Dit artikel bevat het overgangsrecht voor meldingen en maatwerkvoorschriften. Het eerste lid bevat de gelijkschakeling van meldingen en kennisgevingen die onder het oude recht zijn gedaan met meldingen op grond van de nieuwe waterschapsverordening. In het tweede lid is hetzelfde geregeld voor informatieplichten.Het derde lid zorgt ervoor dat de aanvraag om een omgevingsvergunning, die voor inwerkingtreding van deze verordening is ingediend voor een activiteit die op grond van deze verordening niet meer vergunningplichtig is maar wel meldingsplichtig, wordt gelijkgesteld met een melding op grond van deze verordening. In het vierde lid is de gelijkschakeling van maatwerkvoorschriften op grond van de oude waterschapsverordening met maatwerkvoorschriften op grond van de nieuwe waterschapsverordening geregeld.Het overgangsrecht voor meldingen en maatwerkvoorschriften sluit aan op de regeling in de artikelen 8.1.1 en 8.1.5 van het Invoeringsbesluit Omgevingswet. Anders dan in dat besluit, is er echter geen overgangsrecht opgenomen voor aanvragen om een maatwerkvoorschrift die voor inwerkingtreding van deze verordening zijn ingediend. De reden daarvan is dat aanvragen om maatwerkvoorschriften weinig voorkomen. Een eventuele aanvraag om een maatwerkvoorschrift die voor inwerkingtreding van deze verordening is ingediend, zal daarom opnieuw moeten worden ingediend (voor zover er nog steeds maatwerk nodig is natuurlijk).

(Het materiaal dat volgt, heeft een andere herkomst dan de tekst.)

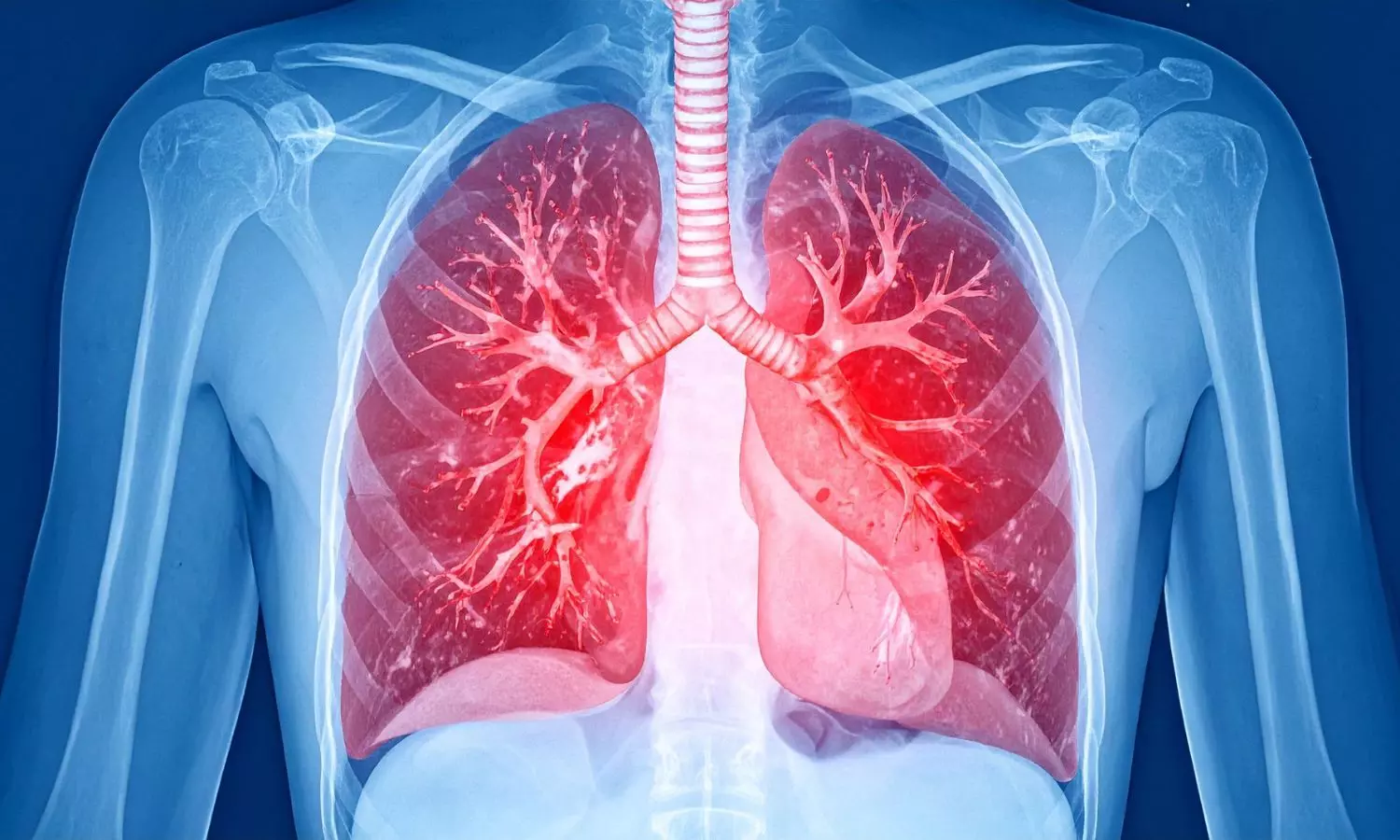 Oral Levosimendan Misses Primary Endpoint in Phase III Trial of HFpEF-Related Pulmonary Hypertension Oral Levosimendan Misses Primary Endpoint in Phase III Trial of HFpEF-Related Pulmonary Hypertension
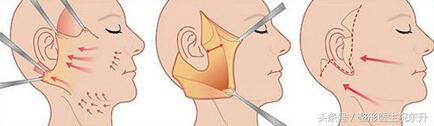面部拉皮除皱为什么会导致耳朵变形呢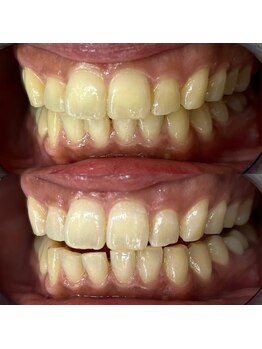 ライトビューティー 池袋店(LightBeauty)/症例写真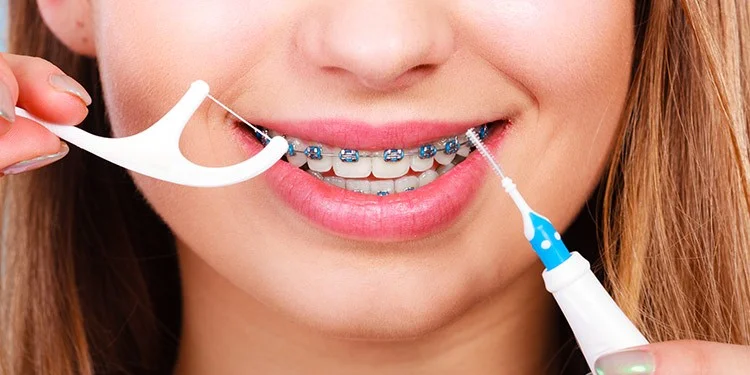 Bàn chải kẽ hiệu quả trong làm sạch kẽ răng khi niềng răng mắc cài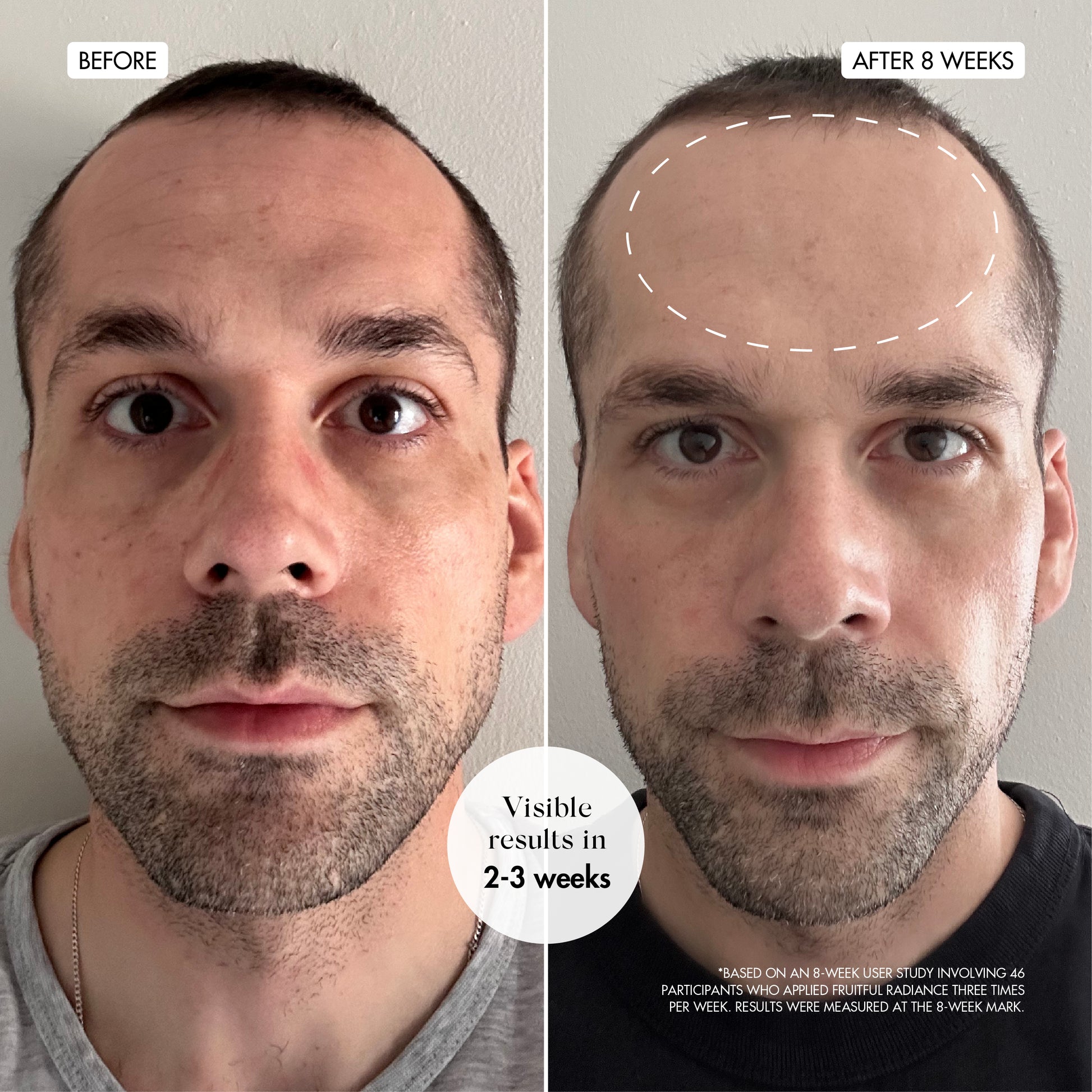 Fruitful Radiance Before & After 01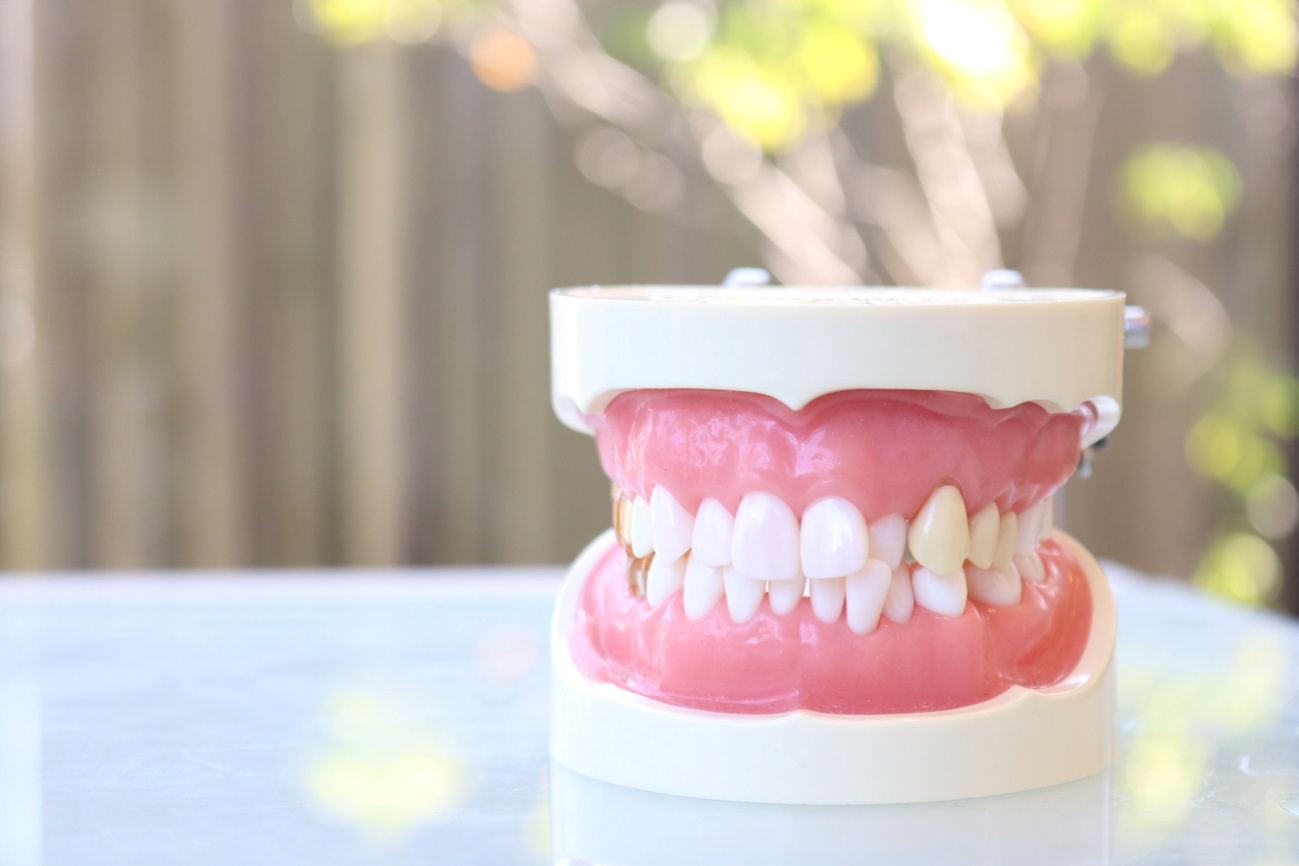 叢生（そうせい）とは？重症度や原因、矯正方法まで解説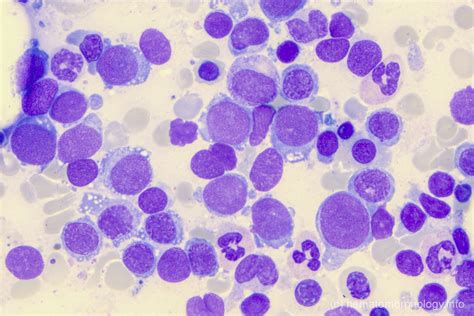 Aml Erythroid Leukemia Hematomorphology A Databank Imagebank For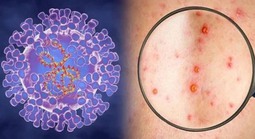 Xuất hiện ca bệnh đậu mùa khỉ chưa rõ nguồn lây ở Đồng Nai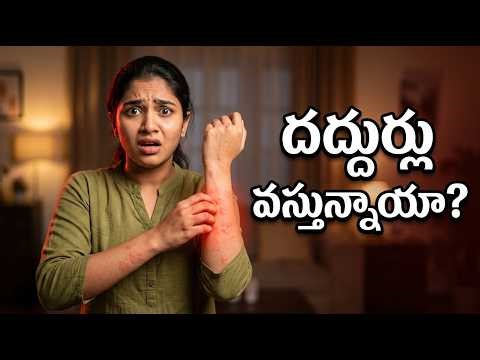 ఫుడ్ అలెర్జీ వల్ల దద్దుర్లు వస్తున్నాయా? | Allergy Rash Treatment Telugu | Dr. Pavushetty Sreedhar
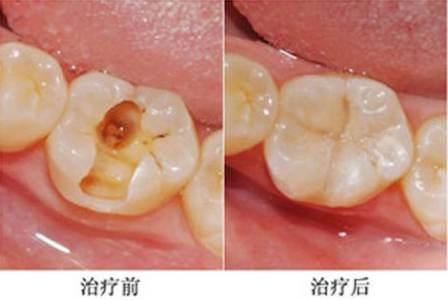 拔牙好几年了还能种牙吗？可以，但要符合种植牙条件
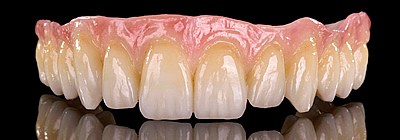 Prettau Zirkon – egy fogtechnikai remekmű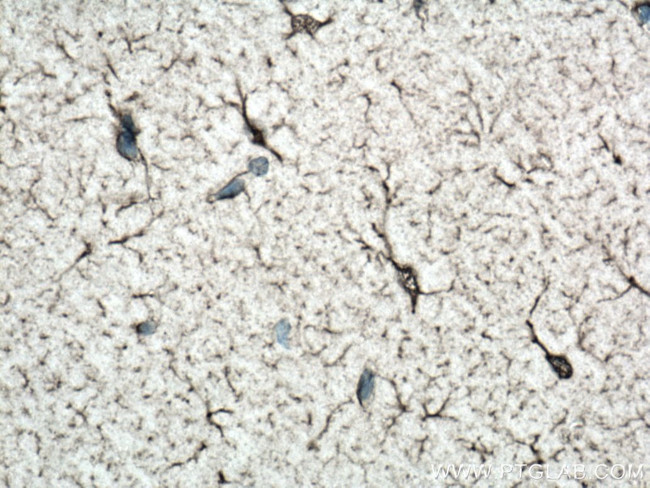 NDRG2 Antibody in Immunohistochemistry (Paraffin) (IHC (P))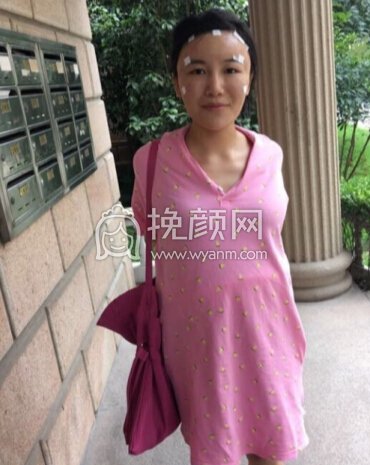 上海新华医院马晓荣脂肪填充太阳穴额头泪沟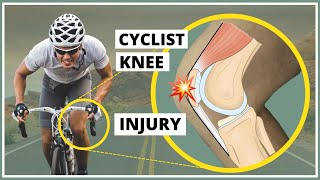 Prepatellar fascia injury also known as Cyclists knee explanation diagnosis and treatment [upl. by Enobe]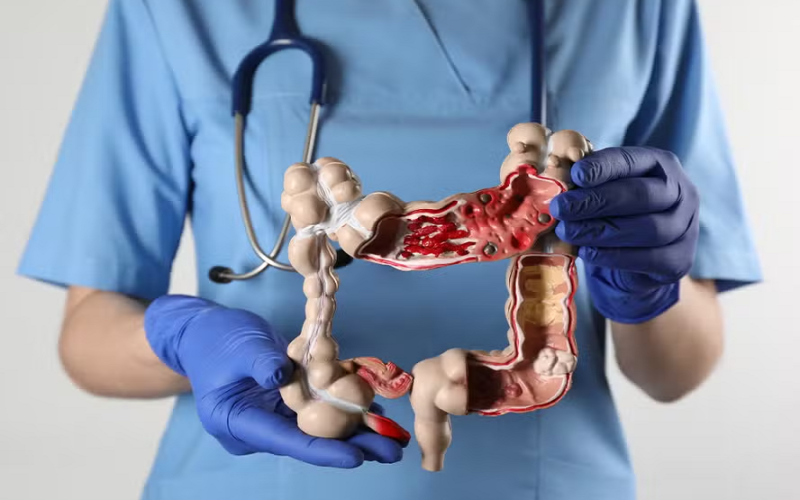 Crescimento alarmante de doenças inflamatórias intestinais no Brasil em uma década e meia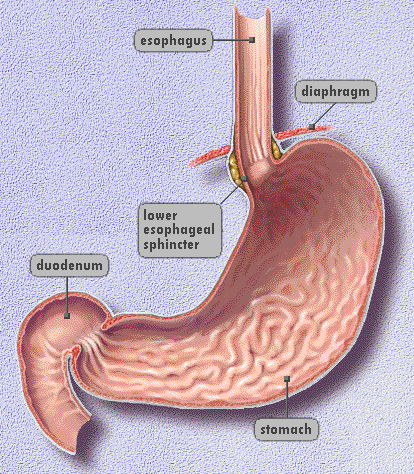 Acid Reflux Disease GERD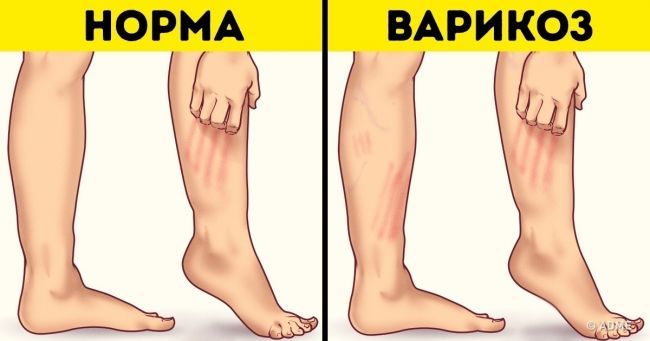 Как убрать синяк на лице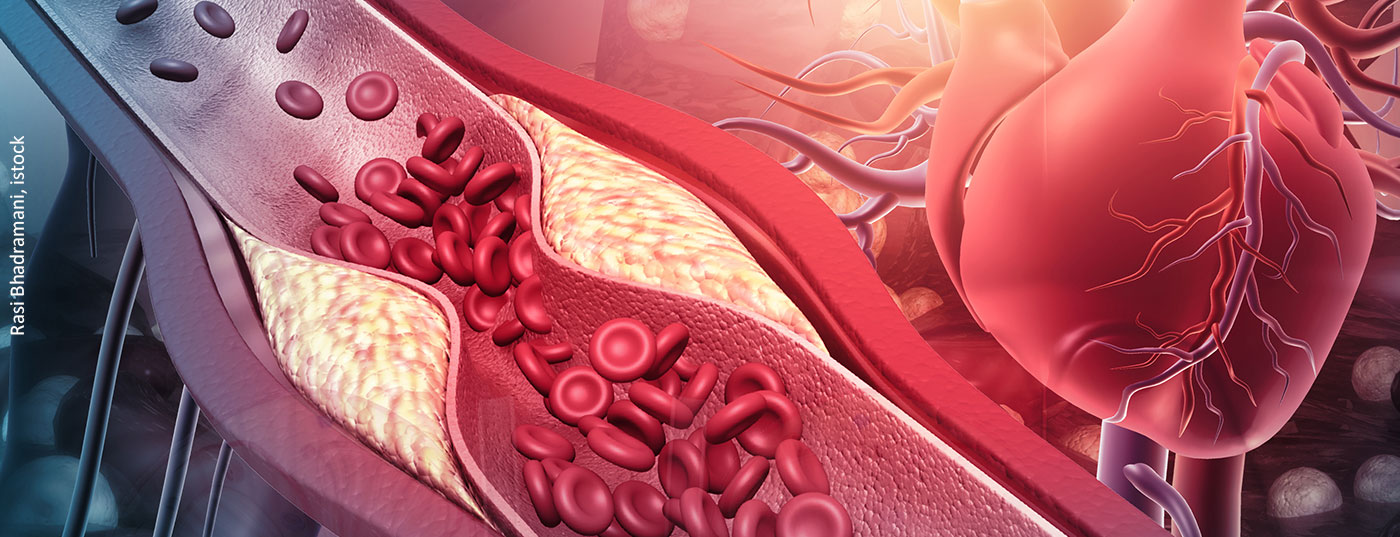 cholesterin_herz_istock-1293132839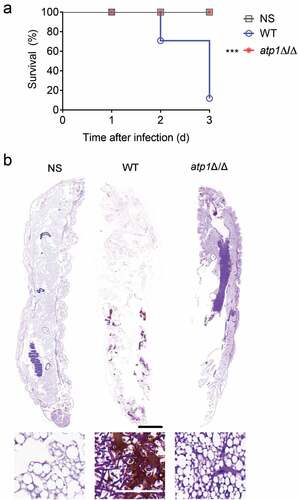 Figure 1. Deletion of the F1Fo-ATP synthase α subunit abrogates the inflammatory response in G. mellonella. (a) After injection of 100 μl NS, WT or atp1δ/Δ (5 × 105 CFU per larva), the survival curves of G. mellonella (n = 12) were obtained and analysed by log-rank tests. ***P < 0.001. (b) Seventy-two hours after injection of 100 μl NS, WT or atp1δ/Δ (5 × 105 CFU per larva), the sections of G. mellonella (n = 3) were stained by PAS. Scale bars, 2000 µm (top), 50 µm (bottom). These images represent the results of one of three separate experiments.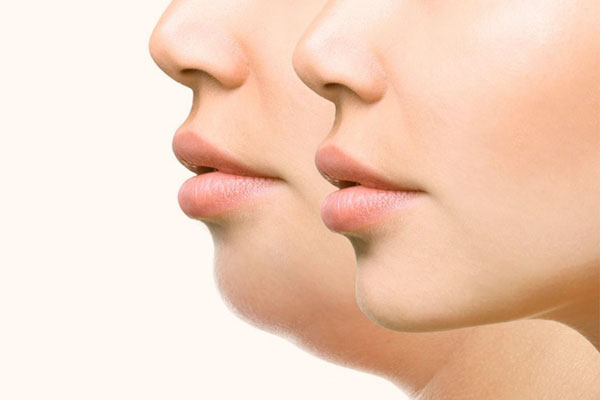 Избавление от второго подбородка Избавление от второго подбородка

Artikel 7.3 Overgangsrecht handhavingsbesluiten

Dit artikel bevat het overgangsrecht voor lopende handhavingsprocedures. Dit overgangsrecht sluit aan bij het overgangsrecht dat is opgenomen in artikel 4.23 van de Invoeringswet Omgevingswet. De hoofdlijn is dat overtredingen van de oude regels worden afgehandeld op basis van die oude regels. Mocht zich een situatie voordoen waarbij een overtreding is begaan van de oude regels, terwijl die handeling onder de nieuwe regels geen overtreding meer oplevert, dan zal het waterschap het handhavingsbesluit intrekken.

Artikel 7.5  Citeertitel

De citeertitel zorgt ervoor dat de verordening eenvoudig en eenduidig kan worden aangehaald.